‘Aranha’, a teia da extrema-direita na América Latina


Aranha, do chileno Andrés Wood, lembra as ações do movimento de extrema-direita Pátria y Libertad, que cometeu vários crimes para combater e desestabilizar o governo de Salvador Allende. Aranha é uma ficção em torno do que aconteceu na realidade – o título se refere ao símbolo de um movimento que se queria anticapitalista de um lado e anticomunista de outro. Daí se vê como essas extravagâncias ideológicas encontram terreno fértil em nossas terras. Aqui mesmo já foi dito que o nacional-socialismo, vulgo nazismo, era um partido de esquerda…e nem por isso as pessoas estranharam.

Em Aranha, temos o enlace indigesto do passado com o presente. Um menino de rua assalta alguém e foge com a bolsa roubada nas mãos. Recebe a implacável perseguição de um motorista que passava pela rua naquele momento. Tudo termina de forma trágica, com o ladrão prensado pelo carro contra um muro. O menino morre e o motorista é aplaudido pelas “pessoas de bem” que assistem ao ato. Isso não impede que o “herói” seja preso. Em sua casa descobrem um arsenal e vínculos com um passado sinistro.

Ele se chama Gerardo e a ligação com o passado é feita através de Inês (Mercedes Morán e Maria Valverde em duas fases da vida). Gerardo jovem é um tipo violento, cooptado como braço armado para o Patria y Libertad, formado por estudantes como Inés e seu noivo, Justo. Ativista de direita na juventude, Inés é hoje próspera empresária que deseja tudo menos ver seu nome vinculado ao ativismo da mocidade.

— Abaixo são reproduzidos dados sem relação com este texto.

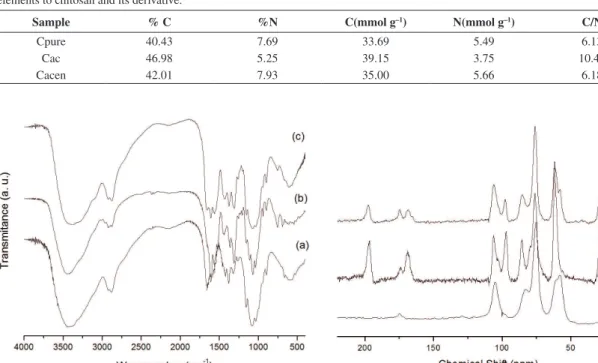 Table 1. Elemental analysis of Carbon (C), Nitrogen (N), molar amounts of these elements and the respective ratios (C/N) between these  elements to chitosan and its derivative.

O filme boia, portanto, entre esses dois tempos. Os atuais, com o Chile neoliberal sendo contestado pelos jovens nas ruas, e o do passado, com o governo da Unidade Popular enfrentando Estados Unidos, empresários contrariados, boicotes, classe média ressentida e terroristas de extrema-direita. Sob tal pressão, Allende foi derrubado em 11 de setembro de 1973. O Chile de hoje é herdeiro do Chile de outrora. Mas parece disposto a jogar no lixo esse legado incômodo.

Bem conduzido entre a narrativa do presente e o flashback, Aranha fornece um retrato febril desses nossos países em que o passado parece não passar. Traça um perfil bastante crível das classes dominantes, e coloca em jogo outras pulsões no andamento histórico, além das razões de classe e seus interesses econômicos. O triângulo formado por Inês, Justo e Gerardo pode muito bem simbolizar também as uniões efêmeras das camadas dominantes com as populares, iludidas com os apelos da direita. Quando e como isso convém, findo o que, as alianças e ocasião se dissolvem.

Aranha é muito bom filme, dirigido com sobriedade, do qual a paixão não está ausente. Andrés Wood é também diretor de Machuca, sobre a ditadura vista por olhos infantis.